Page 4 of Hired by Pirates

“Leeches,” she tutted, shaking her head as she picked up a cloth. “My heavens.”

She stretched out Simon’s arm and tied a leather strap just above the injury, which seemed to slow down the bleeding. Cleaning the wound quickly while analyzing it, her quick, slender fingers moving over him almost made me jealous that I wasn’t the one with her undivided attention.

“What caused this cut?”

“An ax,” Simon muttered through grit teeth.

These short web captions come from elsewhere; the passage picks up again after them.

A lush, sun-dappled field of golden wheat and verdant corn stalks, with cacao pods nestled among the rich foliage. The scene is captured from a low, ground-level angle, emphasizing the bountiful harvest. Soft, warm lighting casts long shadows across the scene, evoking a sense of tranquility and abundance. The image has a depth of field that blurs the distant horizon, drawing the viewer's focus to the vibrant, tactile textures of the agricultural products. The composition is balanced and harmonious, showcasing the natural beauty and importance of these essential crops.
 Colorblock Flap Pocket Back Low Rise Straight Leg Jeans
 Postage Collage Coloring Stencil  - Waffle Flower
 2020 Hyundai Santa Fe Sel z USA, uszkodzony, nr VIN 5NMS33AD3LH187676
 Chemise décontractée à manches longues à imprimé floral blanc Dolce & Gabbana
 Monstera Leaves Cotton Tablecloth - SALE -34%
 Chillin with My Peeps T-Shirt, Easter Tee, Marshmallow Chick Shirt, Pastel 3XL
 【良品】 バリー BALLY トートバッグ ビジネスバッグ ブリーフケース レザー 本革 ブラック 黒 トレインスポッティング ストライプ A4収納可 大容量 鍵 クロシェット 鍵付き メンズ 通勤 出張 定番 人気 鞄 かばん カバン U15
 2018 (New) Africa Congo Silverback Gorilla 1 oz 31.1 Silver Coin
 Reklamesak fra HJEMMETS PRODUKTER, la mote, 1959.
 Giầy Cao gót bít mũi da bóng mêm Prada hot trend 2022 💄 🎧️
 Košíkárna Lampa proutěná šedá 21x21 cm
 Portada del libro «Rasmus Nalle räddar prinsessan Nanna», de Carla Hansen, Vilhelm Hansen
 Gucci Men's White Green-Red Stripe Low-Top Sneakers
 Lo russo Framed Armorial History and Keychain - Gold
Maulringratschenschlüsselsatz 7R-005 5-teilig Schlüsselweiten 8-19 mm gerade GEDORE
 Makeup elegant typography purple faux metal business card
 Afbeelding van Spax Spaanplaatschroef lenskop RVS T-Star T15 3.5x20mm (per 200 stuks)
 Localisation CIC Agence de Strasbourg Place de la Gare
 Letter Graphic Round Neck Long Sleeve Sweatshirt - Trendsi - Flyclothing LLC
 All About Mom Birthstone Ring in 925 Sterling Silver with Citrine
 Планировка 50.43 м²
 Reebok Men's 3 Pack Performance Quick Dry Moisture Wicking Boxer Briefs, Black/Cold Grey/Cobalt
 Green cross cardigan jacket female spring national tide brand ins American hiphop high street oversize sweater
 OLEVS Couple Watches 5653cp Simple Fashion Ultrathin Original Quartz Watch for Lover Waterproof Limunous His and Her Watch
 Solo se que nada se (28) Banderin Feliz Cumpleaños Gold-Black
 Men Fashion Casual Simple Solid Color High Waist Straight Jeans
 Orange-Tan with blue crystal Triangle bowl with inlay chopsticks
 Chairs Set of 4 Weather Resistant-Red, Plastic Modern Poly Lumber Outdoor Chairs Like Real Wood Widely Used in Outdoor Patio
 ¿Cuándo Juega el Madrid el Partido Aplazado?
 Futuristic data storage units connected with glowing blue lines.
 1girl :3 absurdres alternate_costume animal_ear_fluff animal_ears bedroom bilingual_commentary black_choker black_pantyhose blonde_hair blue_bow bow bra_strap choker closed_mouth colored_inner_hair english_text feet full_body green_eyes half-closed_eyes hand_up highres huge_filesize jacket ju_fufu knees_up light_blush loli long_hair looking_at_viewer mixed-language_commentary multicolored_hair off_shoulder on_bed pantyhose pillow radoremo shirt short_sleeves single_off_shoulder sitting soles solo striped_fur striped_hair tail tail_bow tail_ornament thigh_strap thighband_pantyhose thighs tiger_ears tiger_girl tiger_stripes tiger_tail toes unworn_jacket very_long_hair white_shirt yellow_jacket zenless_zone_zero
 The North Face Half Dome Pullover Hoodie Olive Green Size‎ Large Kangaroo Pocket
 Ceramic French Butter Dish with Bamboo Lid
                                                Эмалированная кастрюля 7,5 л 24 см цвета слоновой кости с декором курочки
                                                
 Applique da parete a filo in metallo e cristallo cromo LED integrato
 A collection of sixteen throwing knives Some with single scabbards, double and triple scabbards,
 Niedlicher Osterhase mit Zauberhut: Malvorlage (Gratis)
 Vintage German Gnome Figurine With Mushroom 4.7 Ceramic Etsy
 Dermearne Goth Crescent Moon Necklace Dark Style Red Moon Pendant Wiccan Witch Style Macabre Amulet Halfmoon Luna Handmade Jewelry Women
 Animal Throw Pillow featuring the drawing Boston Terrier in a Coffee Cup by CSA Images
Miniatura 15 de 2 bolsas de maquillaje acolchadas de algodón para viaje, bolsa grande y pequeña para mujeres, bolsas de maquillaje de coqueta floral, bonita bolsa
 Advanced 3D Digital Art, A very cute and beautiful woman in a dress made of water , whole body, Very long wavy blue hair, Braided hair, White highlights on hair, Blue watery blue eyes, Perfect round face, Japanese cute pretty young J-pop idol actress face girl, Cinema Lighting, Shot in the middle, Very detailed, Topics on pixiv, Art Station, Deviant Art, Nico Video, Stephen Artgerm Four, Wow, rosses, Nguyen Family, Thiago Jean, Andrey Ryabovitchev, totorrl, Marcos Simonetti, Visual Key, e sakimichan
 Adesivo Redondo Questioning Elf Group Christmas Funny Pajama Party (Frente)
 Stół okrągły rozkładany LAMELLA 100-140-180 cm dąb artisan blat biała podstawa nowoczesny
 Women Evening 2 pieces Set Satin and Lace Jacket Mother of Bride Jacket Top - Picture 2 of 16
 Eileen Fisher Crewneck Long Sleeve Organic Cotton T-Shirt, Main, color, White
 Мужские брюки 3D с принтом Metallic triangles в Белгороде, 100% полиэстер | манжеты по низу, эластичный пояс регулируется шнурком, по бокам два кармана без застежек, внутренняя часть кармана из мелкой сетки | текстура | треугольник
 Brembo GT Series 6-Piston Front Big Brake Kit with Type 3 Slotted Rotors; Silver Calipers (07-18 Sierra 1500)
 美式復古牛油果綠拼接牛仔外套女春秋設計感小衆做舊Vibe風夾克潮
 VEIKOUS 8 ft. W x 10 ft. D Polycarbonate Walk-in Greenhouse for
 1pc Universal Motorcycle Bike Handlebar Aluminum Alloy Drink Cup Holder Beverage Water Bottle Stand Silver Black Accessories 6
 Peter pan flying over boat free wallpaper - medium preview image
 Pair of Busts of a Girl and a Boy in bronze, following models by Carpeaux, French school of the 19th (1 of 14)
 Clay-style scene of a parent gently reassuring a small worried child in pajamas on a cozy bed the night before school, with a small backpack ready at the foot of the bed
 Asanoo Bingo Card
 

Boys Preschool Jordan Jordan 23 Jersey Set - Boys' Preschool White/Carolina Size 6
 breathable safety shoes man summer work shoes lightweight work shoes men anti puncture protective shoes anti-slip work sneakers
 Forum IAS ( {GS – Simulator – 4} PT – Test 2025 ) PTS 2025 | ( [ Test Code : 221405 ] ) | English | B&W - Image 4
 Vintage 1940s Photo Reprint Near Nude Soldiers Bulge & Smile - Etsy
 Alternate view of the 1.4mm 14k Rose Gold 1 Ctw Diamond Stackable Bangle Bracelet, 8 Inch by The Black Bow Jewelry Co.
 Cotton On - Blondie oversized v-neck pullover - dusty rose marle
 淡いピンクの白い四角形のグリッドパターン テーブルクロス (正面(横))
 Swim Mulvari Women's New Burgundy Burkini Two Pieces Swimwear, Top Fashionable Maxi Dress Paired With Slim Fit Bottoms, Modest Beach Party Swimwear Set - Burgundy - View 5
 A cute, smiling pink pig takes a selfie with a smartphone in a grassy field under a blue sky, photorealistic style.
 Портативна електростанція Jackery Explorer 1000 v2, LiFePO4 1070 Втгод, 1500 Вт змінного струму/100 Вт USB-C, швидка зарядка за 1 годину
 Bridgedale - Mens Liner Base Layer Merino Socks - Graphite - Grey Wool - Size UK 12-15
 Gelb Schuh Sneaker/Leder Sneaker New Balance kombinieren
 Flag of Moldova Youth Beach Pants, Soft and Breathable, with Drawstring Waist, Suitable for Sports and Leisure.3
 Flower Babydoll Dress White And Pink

“How dirty was it? What had you been cutting?”

“Fresh pine.” He shook his head slightly. “The one time I’m up early enough to cut some kindling for Barnaby, we suddenly hit some waves mid-chop.”

“Good,” she nodded. “Had it been old sea-worn lumber, there would be a much greater chance of infection.”

Her fingertips danced across his arm as if she were examining the insides, and I studied the rest of the office while she worked.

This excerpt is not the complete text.